Derrière Carillion, la privatisation des services publics pose questions en Grande-Bretagne

Carillion ne sonne pas le glas de Theresa May. La faillite du 2e groupe britannique du bâtiment et des travaux publics, impliqués dans des contrats de délégation de service public, a constitué le gros de l’affrontement entre Theresa May et Jeremy Corbyn à l’heure des Prime Minister’s Questions (PMQs) ce mercredi 17 janvier. Alors que le sort des 20,000 salariés employés par l’opérateur au seul Royaume-Uni semble être scellé, les raisons du crash ont donné lieu à l’affirmation de deux visions antinomiques.

De fait, la question de la sous-traitance de contrats publics à des entreprises privées a pris une importance qui dépasse, de loin, le cas de Carillion. Déjà, en 2017, Virgin Rail et Stagecoach, qui s’étaient associés pour opérer East Coast Main Line, la ligne ferroviaire entre Londres et Edinburgh, se sont retirés de la franchise, en raison des pertes significatives enregistrées. L’Etat a en repris le contrôle trois ans avant la date de fin du contrat initialement prévue. Coût : aux alentours de 3 milliards de livres, sans compter le manque à gagner que représentent les 2 milliards de livres que Virgin et StageCoach devaient encore verser au gouvernement.

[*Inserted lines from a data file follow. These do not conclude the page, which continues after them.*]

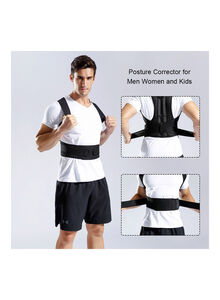 Generic Posture Corrector for Men Women and Kids Back Brace Adjustable Straps Shoulder Support Trainer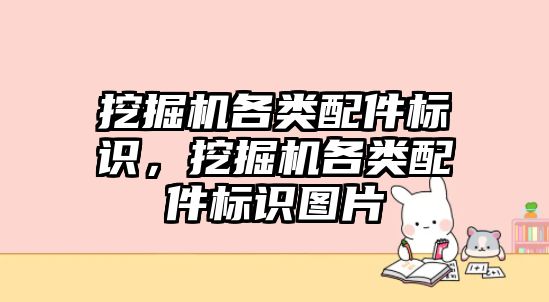 挖掘機各類配件標識，挖掘機各類配件標識圖片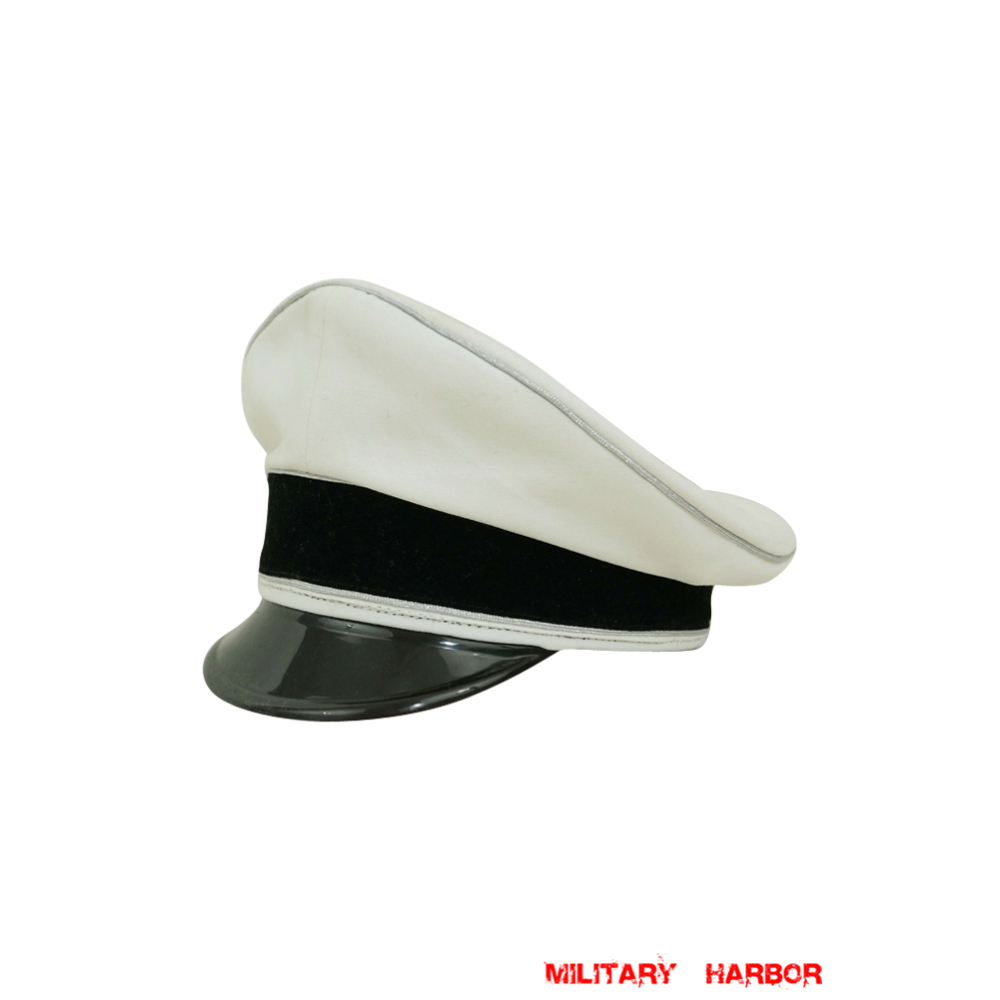 WWII German Allgemeine SS General officer white cotton Visor capSS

Plus inquiétant encore pour l’équipe de Theresa May, l’action du groupe Interserve a plongé, ce mercredi matin de 14% selon l’édition électronique du quotidien Financial Times. Interserve opère des contrats de service public à hauteur de 7 milliards d’euros. Si la chute du titre devait se prolonger, c’est une vraie catastrophe pour les conservateurs au pouvoir. Dans ce contexte, les découvertes  concernant Carillion font presque figure de cadet des soucis pour Theresa May.

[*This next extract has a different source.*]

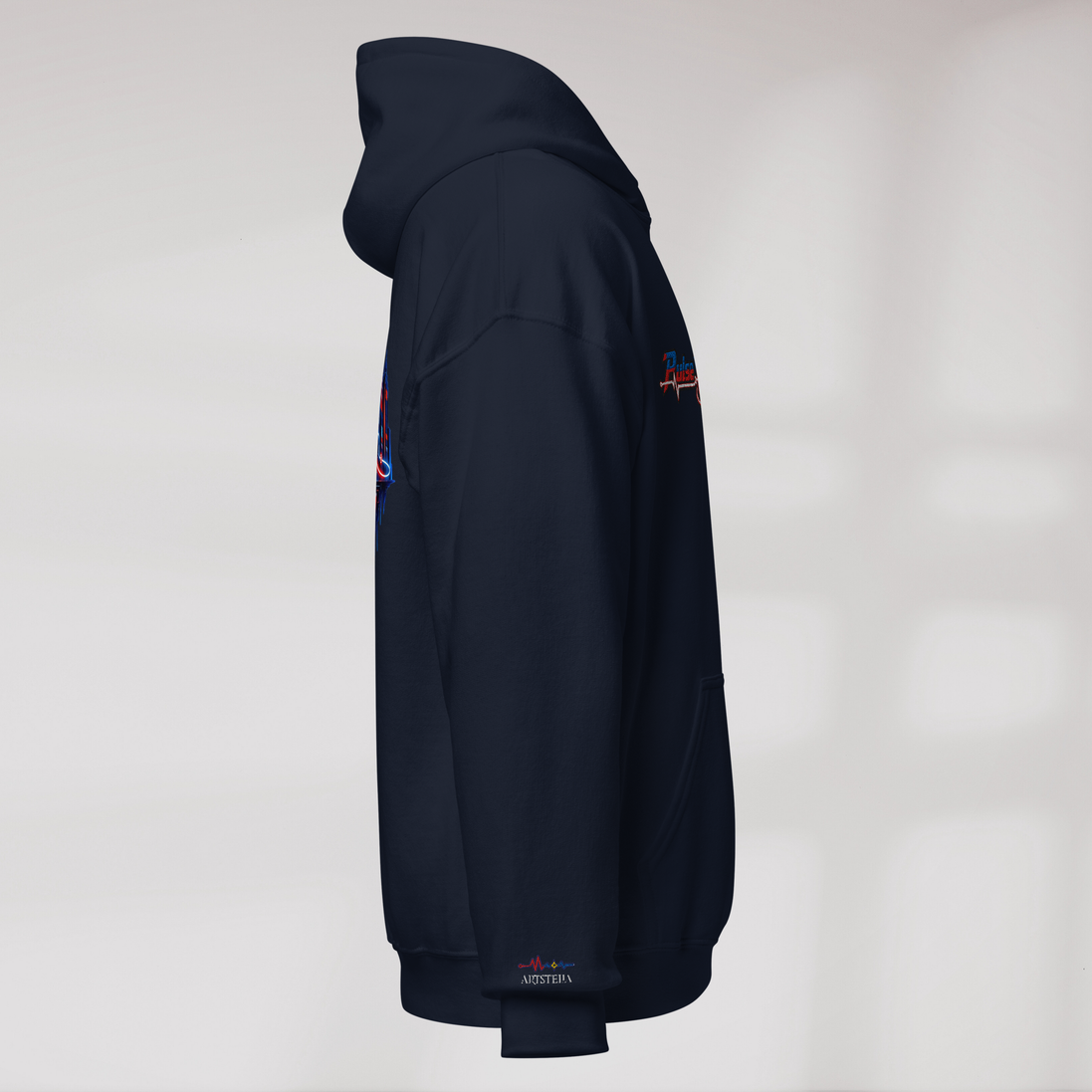 Pulse Wanderer Hoodie Rot ver. – Farbe Navy – Ansicht 2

Le groupe affiche, au final, une dette de 1.29 milliards de livres, près d’un tiers de plus que ce qu’annoncé initialement. Il ne disposait plus, au jour de son effondrement, que de 29 millions de livres de trésorerie. Carillion était, par ailleurs, connu pour ses pratiques fort peu sociales. Les syndiqués y étaienit blacklistés pendant que les hauts cadres bénéficiaient de salaires extrêmement confortables.

Pas difficile pour Jeremy Corbyn de dénoncer « un racket coûteux » et « un système cassé » mis en lumière par les ruines de Carillion. Il a illustré son propos avec les 660.000 livres accordées pour un an à Richard Howson, l’ancien directeur exécutif du groupe, en plus de son bonus – après qu’il ait démissionné de son poste. Theresa May a eu beau jeu de rappeler, de son côté, qu’un tiers des contrats alloués au groupe l’ont été par le gouvernement de Tony Blair.

La première ministre a aussi expliqué que les contrats confiés au groupe dans les six derniers mois – pour un montant d’un milliard de livres -, malgré trois alertes des autorités financières, avaient pour but de maintenir l’activité de renflouer, un peu, les caisses. Corbyn a, pour sa part, accusé le gouvernement de « négligence » dans le maniement des fonds publics. Theresa May a contre-attaqué en affirmant :

« Retirer les contrats à Carillion aurait été le meilleur moyen pour que l’entreprise ferme et que les emplois soient détruits ».

Au-delà de la joute verbale entre les deux tenors de la politique britannique, les salariés de Carillion peuvent, encore, nourrir un peu d’espoir. Ceux impliqués dans les activités de secteur public devraient voir leurs salaires pris en charge par l’Etat. Selon le liquidateur judiciaire, 90% des entreprises privées qui avaient recours aux services du groupe souhaitent que les contrats soient maintenus. Cela implique qu’elles continueront à les financer assurant, donc, les salaires. En revanche, les chantiers de construction sont toujours à l’arrêt.

Côté syndicats, on ne cache pas sa colère. Après une rencontre avec le Secrétaire d’Etat à l’Economie, Greg Clark, le secrétaire général de GMB, Tim Roache, estime que l’attitude du gouvernement est « scandaleuse » :

« Ce qu’ils disent c’est que, si vous n’êtes pas repris par un autre opérateur privé, voici l’adresse du JobCentre le plus proche ».